Гостиная в доме Дункана маленькая, теплая и захламленная. Мы приехали сюда без лишних слов, повинуясь только инстинкту, по велению которого вообще все происходит между нами. Ошеломительная природа желания берет верх. И нас еще что-то влечет друг к другу, какое-то тихое чувство. Я сижу на старом кожаном диване и смотрю, как он разводит огонь. Красные кирпичи. Серый камень. Жесткий темно-бордовый коврик под его босыми ногами, под моими. В тусклом освещении появляются и снова исчезают предметы мебели, все из дерева, и все так или иначе сломаны, искривлены, или скособочены, или перевернуты вверх дном, один за другим предметы обретают черты, словно всплывают из ниоткуда. Я как будто во сне. Напряженном, рискованном. Я осознаю, что совершенно потеряла власть над собой, и глубоко в душе уже готова сдаться. Дункан, неуклюже двигаясь, встает и направляется ко мне. Я могу отвернуться, но не отворачиваюсь.
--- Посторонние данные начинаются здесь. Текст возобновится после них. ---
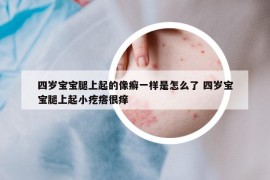 四岁宝宝腿上起的像癣一样是怎么了 四岁宝宝腿上起小疙瘩很痒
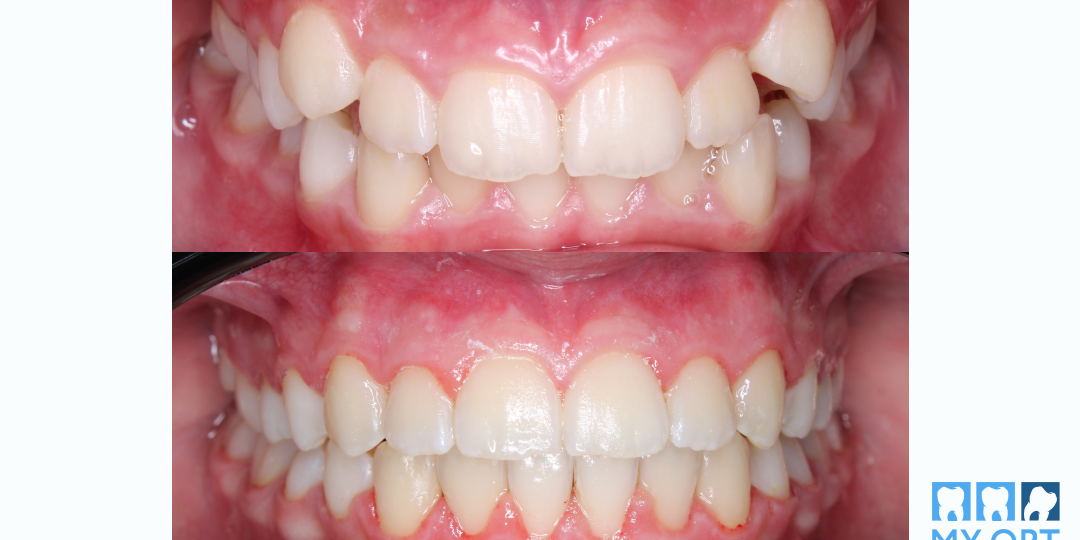 Как мотивация ребёнка 11 лет помогла исправить дистальный прикус без сложных аппаратов. Клинический случаи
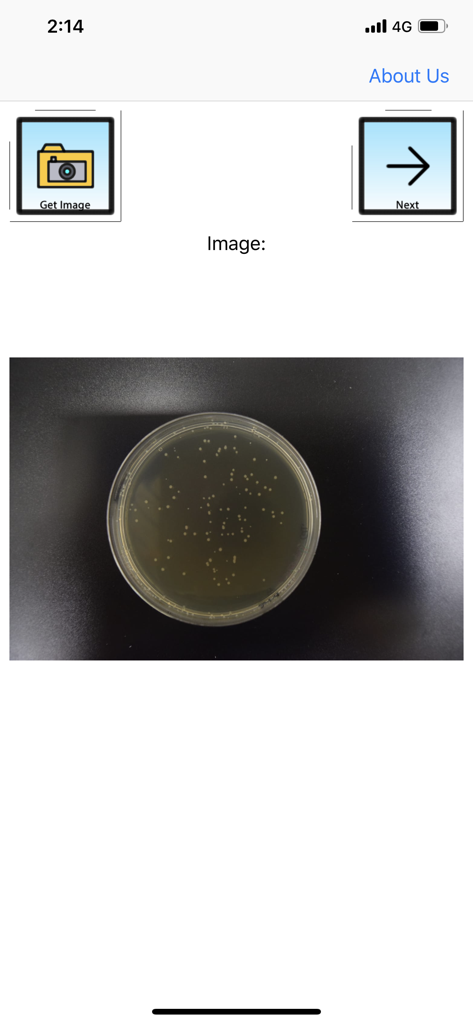 APD Colony Counter App Lite - APD Colony Counter App Lite Benutzeroberfläche, die eine Agarplatte mit Bakterienkolonien zur Analyse anzeigt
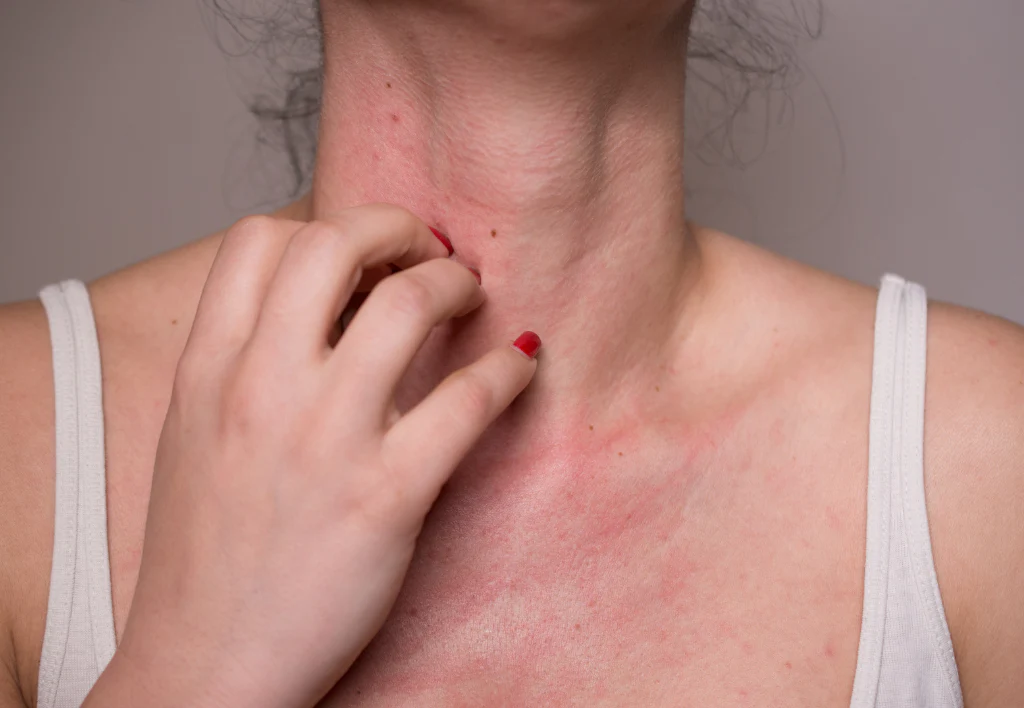 allergies des produits issus d’insectes 
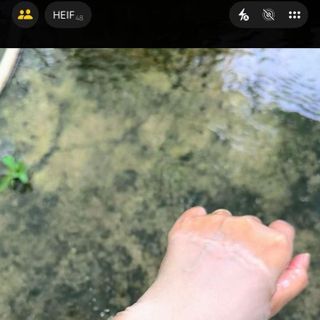 KEM NÂNG TÔNG DA
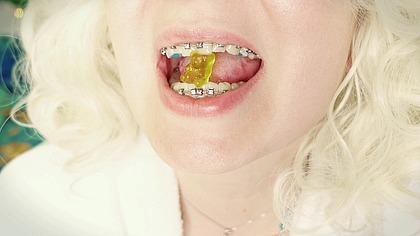 ASMR mukbang: eating in braces!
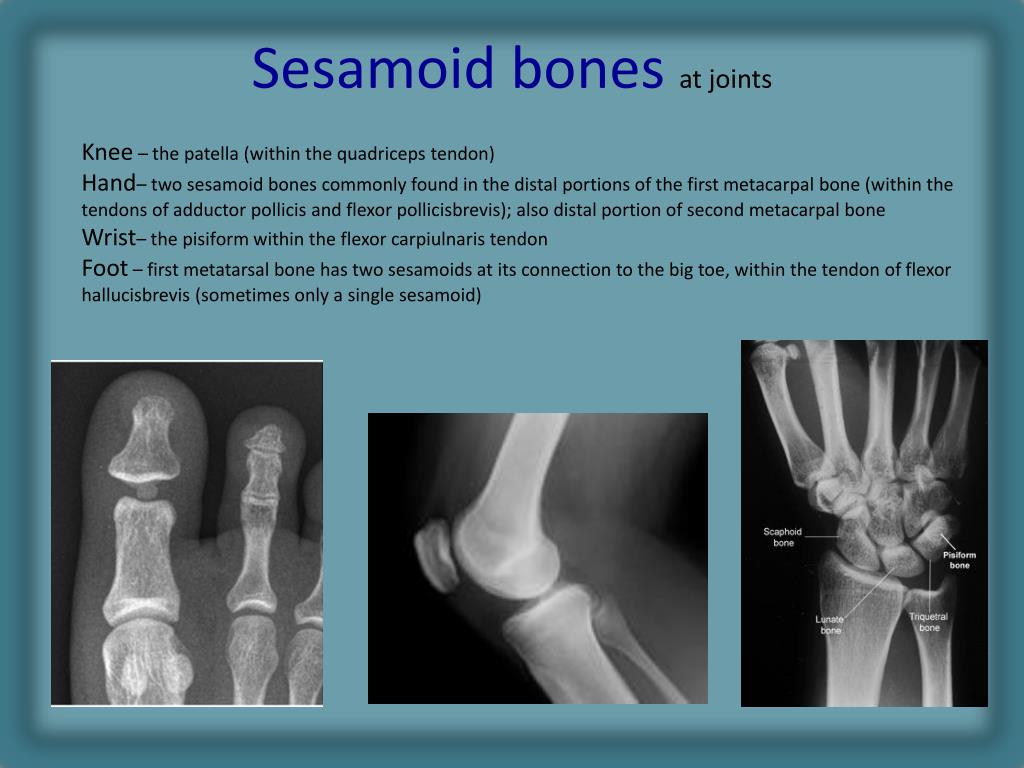 hand sesamoid bone
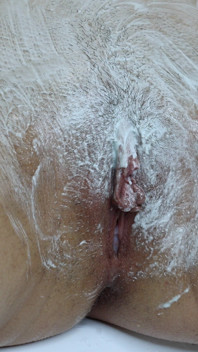 Hairy Pussy Shaving Close up! Intimate Haircut!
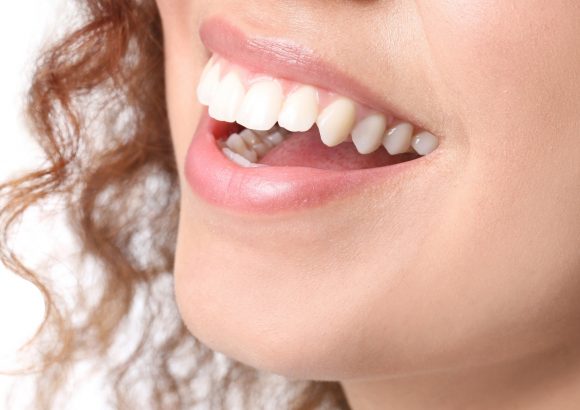 ตกแต่งเหงือก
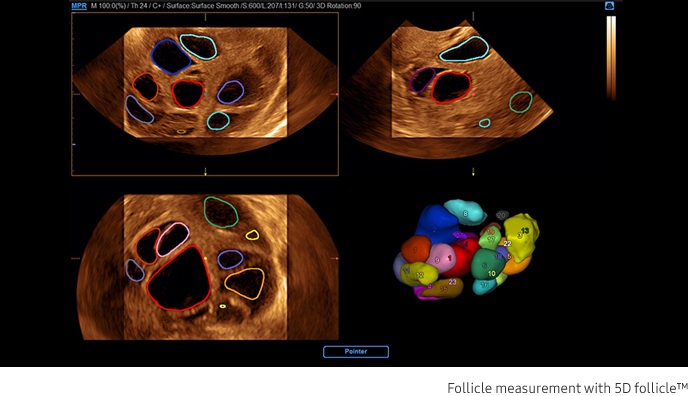 Follicle measurement with 5D follicle™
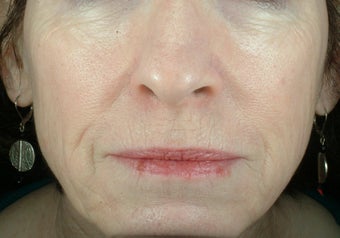 Liquid Facelift (Injectables)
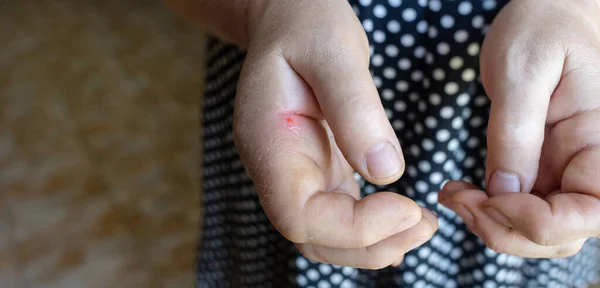 Yakın Plan Iltihabı Sol Işaret Parmağının Kıkırdağında Çok Şişkindi Eklem — Stok fotoğraf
Хочу спросить его, как он повредил ногу. Я так много у него не спрашивала, так много не хотела знать до этой минуты. Он не предлагает мне выпить, да мне и ни к чему; я пьяна от его присутствия.

Он гадится рядом со мной, и мы смотрим друг на друга.

— У тебя болит лицо, — шепчу я.

— Что же ты такое? — спрашивает он, уже прижимаясь губами к моему рту, и на сей раз это вопрос.

Позже в постели он держит меня в объятиях, таких горячих, словно развел огонь внутри себя. И я понимаю, как сильно я мерзла, как долго.

* * *

Я просыпаюсь оттого, что во сне что-то мне дунуло в лицо. Ощущение настолько реальное, что я почти чувствую его и наяву. Но когда я открываю глаза, оказывается, что я лежу в постели Дункана одна.